_Exercise brief_
Below are the records. Retype exactly the lines between the lines holding "Table Tennis Net" and "J. Scott Browning", inclusive.

>>>

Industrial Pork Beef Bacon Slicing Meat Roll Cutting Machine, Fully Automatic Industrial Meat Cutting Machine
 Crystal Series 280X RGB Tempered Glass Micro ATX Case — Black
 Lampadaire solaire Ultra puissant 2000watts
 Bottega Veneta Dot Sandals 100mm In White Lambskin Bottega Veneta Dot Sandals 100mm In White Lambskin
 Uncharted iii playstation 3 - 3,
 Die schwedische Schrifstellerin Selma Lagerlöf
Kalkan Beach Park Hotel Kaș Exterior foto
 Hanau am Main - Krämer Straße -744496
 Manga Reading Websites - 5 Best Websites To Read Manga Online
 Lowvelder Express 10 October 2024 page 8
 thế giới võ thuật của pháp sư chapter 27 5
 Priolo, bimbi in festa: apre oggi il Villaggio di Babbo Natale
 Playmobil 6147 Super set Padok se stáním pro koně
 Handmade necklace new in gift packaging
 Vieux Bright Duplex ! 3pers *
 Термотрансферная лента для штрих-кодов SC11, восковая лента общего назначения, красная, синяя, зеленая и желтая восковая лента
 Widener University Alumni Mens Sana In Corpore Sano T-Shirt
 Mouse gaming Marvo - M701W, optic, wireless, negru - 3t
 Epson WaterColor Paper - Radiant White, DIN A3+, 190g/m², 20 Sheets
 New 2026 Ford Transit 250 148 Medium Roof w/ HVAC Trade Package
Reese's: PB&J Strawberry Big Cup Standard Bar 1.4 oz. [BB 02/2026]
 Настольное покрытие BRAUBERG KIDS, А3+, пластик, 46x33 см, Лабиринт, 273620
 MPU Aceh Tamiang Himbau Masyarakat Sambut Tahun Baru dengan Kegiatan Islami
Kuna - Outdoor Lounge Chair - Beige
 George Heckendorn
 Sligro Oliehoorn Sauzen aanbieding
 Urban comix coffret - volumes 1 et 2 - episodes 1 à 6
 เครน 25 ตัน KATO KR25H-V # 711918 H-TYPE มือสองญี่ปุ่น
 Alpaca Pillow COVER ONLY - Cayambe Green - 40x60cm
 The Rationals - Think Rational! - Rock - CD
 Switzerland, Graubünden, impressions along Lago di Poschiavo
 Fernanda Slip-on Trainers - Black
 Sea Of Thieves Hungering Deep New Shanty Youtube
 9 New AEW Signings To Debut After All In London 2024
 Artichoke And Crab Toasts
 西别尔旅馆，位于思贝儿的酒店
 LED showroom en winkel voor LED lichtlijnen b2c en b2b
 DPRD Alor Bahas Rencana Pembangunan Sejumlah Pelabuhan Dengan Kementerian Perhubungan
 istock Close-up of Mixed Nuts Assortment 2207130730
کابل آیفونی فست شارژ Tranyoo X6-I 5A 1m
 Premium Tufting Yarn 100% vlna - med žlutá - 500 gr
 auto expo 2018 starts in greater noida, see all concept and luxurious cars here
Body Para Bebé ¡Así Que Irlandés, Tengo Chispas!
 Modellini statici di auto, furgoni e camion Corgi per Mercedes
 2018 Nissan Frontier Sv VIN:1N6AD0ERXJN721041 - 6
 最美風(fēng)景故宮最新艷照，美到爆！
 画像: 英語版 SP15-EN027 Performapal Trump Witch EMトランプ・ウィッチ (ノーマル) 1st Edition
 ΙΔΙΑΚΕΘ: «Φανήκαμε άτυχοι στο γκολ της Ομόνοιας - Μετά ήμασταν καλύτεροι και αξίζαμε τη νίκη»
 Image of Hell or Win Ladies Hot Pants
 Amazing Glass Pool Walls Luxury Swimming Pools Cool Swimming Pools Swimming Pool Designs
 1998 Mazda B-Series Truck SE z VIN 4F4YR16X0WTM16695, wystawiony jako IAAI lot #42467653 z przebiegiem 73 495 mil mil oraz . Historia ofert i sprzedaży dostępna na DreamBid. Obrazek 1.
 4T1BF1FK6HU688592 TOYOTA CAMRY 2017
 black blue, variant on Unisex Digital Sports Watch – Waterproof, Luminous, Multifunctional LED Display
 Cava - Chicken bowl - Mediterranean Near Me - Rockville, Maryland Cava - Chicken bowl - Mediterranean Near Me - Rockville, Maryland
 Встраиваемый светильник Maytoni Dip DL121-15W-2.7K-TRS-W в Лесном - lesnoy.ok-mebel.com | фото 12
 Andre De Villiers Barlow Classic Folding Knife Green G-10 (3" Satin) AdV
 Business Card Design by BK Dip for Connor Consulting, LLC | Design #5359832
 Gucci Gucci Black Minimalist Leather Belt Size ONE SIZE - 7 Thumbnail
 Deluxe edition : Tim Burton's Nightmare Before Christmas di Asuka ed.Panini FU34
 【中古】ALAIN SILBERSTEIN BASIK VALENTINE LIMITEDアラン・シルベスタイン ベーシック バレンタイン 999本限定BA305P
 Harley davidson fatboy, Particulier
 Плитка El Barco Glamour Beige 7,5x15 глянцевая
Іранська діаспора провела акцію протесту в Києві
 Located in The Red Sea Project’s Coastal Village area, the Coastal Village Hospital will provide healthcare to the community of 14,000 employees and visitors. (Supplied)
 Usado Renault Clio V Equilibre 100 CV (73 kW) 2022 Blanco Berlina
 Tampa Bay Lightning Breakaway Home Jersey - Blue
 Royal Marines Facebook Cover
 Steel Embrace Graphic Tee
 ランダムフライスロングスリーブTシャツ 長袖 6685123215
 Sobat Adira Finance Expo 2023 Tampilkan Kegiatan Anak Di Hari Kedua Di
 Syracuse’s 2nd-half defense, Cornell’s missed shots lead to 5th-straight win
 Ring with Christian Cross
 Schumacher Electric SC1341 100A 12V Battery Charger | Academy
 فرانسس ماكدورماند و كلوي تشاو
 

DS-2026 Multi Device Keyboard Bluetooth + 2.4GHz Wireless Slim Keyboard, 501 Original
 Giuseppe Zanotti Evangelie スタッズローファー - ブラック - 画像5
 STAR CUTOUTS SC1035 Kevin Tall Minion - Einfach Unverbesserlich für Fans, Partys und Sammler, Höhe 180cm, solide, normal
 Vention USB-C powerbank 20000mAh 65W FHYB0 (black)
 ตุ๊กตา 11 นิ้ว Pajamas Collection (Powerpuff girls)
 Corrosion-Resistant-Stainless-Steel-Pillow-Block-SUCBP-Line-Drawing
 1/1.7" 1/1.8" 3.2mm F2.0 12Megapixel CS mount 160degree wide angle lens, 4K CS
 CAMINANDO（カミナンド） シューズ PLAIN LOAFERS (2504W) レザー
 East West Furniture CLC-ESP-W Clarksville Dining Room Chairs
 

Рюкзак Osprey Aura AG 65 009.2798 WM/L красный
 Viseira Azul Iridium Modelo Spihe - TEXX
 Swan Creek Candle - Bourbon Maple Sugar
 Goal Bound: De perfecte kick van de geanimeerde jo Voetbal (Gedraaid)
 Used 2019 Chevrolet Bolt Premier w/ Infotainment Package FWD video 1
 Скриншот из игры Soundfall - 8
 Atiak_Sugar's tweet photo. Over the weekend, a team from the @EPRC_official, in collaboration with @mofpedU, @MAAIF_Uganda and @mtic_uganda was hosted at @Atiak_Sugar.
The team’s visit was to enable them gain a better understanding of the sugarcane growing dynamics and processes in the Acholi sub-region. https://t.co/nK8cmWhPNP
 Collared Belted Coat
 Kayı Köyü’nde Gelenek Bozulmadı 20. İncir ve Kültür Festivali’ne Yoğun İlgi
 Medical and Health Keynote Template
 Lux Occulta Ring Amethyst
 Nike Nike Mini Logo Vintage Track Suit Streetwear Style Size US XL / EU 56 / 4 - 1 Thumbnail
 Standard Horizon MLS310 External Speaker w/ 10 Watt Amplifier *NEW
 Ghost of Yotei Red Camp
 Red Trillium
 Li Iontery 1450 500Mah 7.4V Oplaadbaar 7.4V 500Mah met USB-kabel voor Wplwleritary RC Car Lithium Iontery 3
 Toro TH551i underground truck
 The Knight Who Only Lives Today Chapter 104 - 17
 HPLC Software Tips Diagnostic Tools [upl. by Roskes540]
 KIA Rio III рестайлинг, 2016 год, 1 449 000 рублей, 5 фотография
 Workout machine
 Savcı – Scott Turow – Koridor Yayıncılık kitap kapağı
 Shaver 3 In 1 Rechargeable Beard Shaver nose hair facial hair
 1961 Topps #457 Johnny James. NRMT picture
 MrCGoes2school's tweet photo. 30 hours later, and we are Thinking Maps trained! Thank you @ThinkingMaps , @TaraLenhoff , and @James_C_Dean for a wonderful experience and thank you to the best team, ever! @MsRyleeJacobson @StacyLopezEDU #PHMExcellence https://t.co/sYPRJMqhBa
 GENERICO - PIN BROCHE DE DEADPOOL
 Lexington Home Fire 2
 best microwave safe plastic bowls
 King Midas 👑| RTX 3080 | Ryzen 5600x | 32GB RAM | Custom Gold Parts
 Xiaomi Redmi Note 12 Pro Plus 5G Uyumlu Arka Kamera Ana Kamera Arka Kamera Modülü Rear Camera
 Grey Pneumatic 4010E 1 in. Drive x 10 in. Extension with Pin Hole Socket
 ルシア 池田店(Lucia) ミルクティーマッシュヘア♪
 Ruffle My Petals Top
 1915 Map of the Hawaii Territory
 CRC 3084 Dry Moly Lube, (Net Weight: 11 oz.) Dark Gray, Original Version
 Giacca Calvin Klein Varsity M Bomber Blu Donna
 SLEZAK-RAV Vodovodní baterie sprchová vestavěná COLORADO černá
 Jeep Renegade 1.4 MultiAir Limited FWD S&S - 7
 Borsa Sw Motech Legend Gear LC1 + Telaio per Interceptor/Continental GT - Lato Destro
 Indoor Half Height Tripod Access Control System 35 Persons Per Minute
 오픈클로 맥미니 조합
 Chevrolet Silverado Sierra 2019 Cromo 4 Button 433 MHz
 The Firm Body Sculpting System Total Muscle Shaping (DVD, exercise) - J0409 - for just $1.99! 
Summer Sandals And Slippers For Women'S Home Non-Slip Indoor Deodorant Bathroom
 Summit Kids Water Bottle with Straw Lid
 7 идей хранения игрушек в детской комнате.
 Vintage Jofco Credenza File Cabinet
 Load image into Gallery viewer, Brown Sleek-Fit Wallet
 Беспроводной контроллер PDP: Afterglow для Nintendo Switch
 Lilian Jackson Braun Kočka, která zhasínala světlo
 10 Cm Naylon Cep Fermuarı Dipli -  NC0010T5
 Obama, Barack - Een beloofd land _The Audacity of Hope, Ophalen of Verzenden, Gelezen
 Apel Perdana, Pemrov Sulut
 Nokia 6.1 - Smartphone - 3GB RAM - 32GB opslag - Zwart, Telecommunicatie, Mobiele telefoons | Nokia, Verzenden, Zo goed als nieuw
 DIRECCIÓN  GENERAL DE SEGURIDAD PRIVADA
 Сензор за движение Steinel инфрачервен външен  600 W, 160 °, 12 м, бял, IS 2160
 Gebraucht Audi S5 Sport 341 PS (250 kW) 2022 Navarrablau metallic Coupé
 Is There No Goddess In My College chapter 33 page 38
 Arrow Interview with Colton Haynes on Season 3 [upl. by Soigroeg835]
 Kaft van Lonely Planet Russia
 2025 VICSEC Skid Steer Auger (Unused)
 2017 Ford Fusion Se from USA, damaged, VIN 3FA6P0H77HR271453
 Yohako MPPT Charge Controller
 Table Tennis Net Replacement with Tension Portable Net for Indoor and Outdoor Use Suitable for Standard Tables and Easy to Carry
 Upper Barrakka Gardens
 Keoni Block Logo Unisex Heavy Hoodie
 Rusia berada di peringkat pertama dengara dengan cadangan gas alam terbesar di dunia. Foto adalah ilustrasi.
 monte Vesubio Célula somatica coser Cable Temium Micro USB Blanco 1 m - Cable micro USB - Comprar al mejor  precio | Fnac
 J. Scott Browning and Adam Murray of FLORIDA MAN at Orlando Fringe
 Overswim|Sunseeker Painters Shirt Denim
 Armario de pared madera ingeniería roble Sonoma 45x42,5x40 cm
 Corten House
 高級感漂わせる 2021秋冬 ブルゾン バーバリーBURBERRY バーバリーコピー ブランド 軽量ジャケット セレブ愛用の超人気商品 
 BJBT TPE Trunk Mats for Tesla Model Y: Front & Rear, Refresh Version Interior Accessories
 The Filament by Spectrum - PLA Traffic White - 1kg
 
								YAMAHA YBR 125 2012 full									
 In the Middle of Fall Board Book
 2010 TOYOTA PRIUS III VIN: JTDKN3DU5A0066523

<<<

_Answer for the task_
 Table Tennis Net Replacement with Tension Portable Net for Indoor and Outdoor Use Suitable for Standard Tables and Easy to Carry
 Upper Barrakka Gardens
 Keoni Block Logo Unisex Heavy Hoodie
 Rusia berada di peringkat pertama dengara dengan cadangan gas alam terbesar di dunia. Foto adalah ilustrasi.
 monte Vesubio Célula somatica coser Cable Temium Micro USB Blanco 1 m - Cable micro USB - Comprar al mejor  precio | Fnac
 J. Scott Browning and Adam Murray of FLORIDA MAN at Orlando Fringe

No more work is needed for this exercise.